Hedefte Soyadı Kanunu Var
Bahçeli, şimdi Erdoğan’ın “Beyaz Türkler, hayvanlarınıza sahip çıkın.” sözüne ne der, bilemeyiz; ama bu anlayışın sıcağı sıcağına vardığı noktaya dikkat çekelim.
İmam-cemaat misali; Erdoğan’ın o ifadesinden hemen sonra iktidarın etkili bir kalemi, “Adsızlar ülkesi ya da Beyaz Türkler ve Soyadı Kanunu, Türkiye’yi nasıl kimliksizleştirdi?” başlıklı bir yazıyla topa girdi.

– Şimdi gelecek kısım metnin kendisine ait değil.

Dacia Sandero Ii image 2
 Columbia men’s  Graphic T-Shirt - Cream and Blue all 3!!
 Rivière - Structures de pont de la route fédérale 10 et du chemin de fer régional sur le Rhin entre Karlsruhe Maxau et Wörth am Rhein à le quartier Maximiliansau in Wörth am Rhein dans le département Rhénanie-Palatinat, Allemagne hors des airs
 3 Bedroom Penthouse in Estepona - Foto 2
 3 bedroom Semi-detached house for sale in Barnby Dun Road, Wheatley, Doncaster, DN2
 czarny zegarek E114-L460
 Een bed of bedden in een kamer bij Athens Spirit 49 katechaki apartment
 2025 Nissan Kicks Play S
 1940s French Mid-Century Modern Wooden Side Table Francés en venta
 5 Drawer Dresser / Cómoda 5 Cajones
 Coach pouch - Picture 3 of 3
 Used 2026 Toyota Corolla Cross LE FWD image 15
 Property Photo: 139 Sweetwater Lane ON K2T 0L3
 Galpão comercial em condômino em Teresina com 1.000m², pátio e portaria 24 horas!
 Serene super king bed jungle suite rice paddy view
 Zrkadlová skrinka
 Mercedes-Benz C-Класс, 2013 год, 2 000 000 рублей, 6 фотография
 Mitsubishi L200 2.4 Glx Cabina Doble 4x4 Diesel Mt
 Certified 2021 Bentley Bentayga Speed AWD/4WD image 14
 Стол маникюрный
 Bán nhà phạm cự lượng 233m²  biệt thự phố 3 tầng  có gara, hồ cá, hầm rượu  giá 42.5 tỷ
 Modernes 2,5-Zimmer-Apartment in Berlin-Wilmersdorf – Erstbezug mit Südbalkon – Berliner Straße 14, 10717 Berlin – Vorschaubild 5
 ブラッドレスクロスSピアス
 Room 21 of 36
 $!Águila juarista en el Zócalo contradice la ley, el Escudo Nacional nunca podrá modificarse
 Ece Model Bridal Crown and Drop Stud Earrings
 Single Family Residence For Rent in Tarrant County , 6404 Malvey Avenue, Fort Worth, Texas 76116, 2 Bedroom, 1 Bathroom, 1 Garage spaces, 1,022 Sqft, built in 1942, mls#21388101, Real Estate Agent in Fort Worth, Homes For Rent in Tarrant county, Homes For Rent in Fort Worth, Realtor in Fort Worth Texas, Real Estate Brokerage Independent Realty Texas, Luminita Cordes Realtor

Özetlersek; 1934’te çıkarılan Soyadı Kanunu’nun “sinsice tezgâhlandığını”, bunun “insanların gerçek kimliklerini, kök-kimliklerini gizleyerek ülkeyi kimliksizleştirdiğini”, “bazı devşirmelerin, Soyadı Kanunu’ndan sonra kimliklerini kolaylıkla gizleme ve sözümona Müslüman kimlikler benimseme imkânına kavuştuğunu” öne sürdü.
Ardından da sözü “Beyaz Türklere” getirip şu iddialarda bulundu:
“Bu azgın azınlıklar, böyle böyle kendilerini, isimlerini, kökenlerini gizleyerek bu ülkenin kilit kurumlarını ele geçirdiler. Ülke, Anadolu çocuklarının elinden alındı iki asır süren mücadelenin sonunda… Bu ülkenin çocuklarının varlık nedenini oluşturan İslâm, devletin bütün kurumlarından tasfiye edildi, toplumun İslâm’la ilişkisini sıfırlayacak bir pranga geçirildi boynuna: Laiklik prangası!… Beyaz Türk denildiğine bakmayın siz: Sözü edilen kişiler ne Türk ne de Müslüman. Kim bunlar peki? Devşirmeler ve devşirmelerin devşirmeleri… Özetle Beyaz Türkler, köken itibariyle Türk değildir… Azgın azınlıktır, fakat iki asırdır Türkiye’ye her alanda onlar hükmeder. Ama artık yeter!”
Anayasamızla korunma altına alınan, “Tevhidi Tedrisat, tekke ve zaviyelerin kapatılması, medeni nikah, Türk harflerinin kabulü” gibi İnkılap Kanunlarından sonra Soyadı Kanunu’nun hedefe oturtulması bir yana; demek ki, bu kanundan ve “laiklik prangasından” sonra ülkemizi “ne Türk ne de Müslüman olan devşirmeler ve devşirmelerin devşirmeleri” yönetmiş!..
Bu, gelmiş geçmiş Türkiye Cumhuriyeti yöneticilerine yönelik ne vahim, ne ağır bir suçlamadır!..
Tüm kayıtlar ellerinde. Müddei, iddiasını ispatla yükümlü olduğuna göre; buyursunlar, bu “devşirmelerin” kim olduğunu ayırımsız sansürsüz açıklasınlar, milletimiz de öğrensin.